--- Prompt ---
Omitting the pictures, restate all of the entries below exactly.
**********
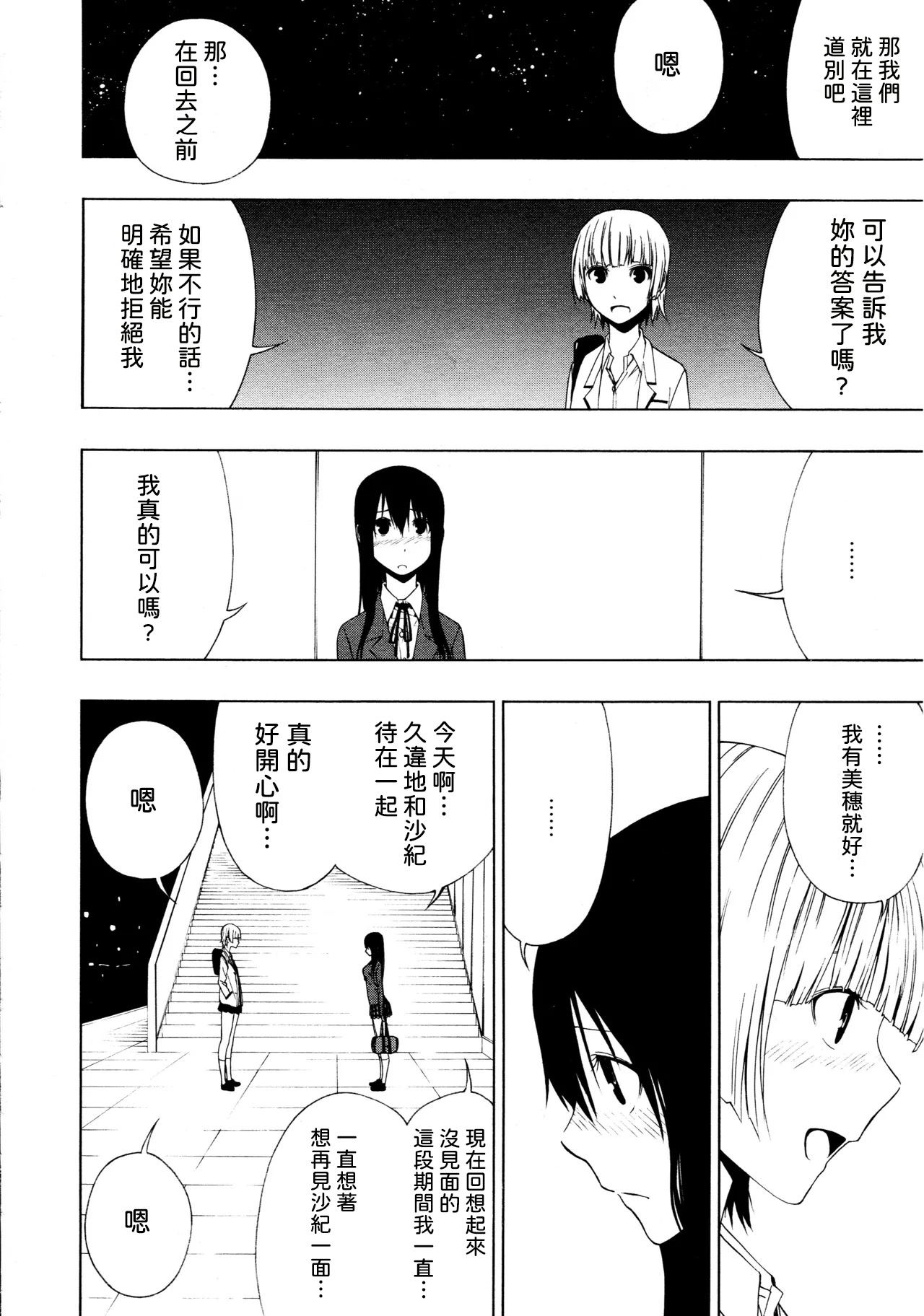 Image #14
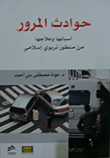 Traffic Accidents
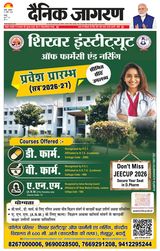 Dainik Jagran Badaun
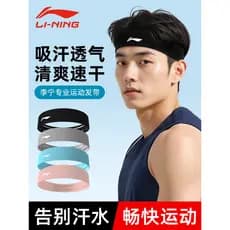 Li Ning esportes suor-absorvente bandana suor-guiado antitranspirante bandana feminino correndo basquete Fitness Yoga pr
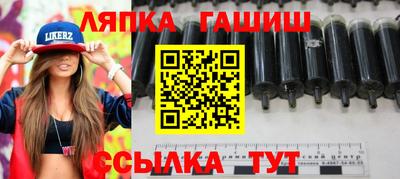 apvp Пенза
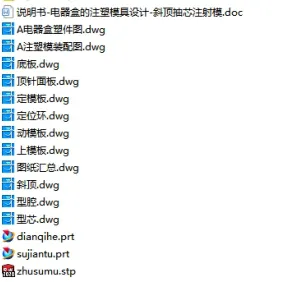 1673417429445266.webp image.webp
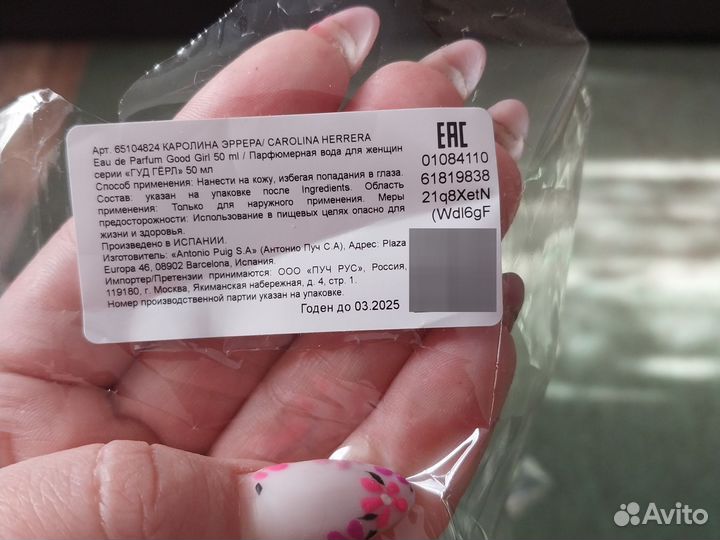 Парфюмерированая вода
**********
--- Answer for this exercise ---
 Image #14
 Traffic Accidents
 Dainik Jagran Badaun
 Li Ning esportes suor-absorvente bandana suor-guiado antitranspirante bandana feminino correndo basquete Fitness Yoga pr
 apvp Пенза
 1673417429445266.webp image.webp
 Парфюмерированая вода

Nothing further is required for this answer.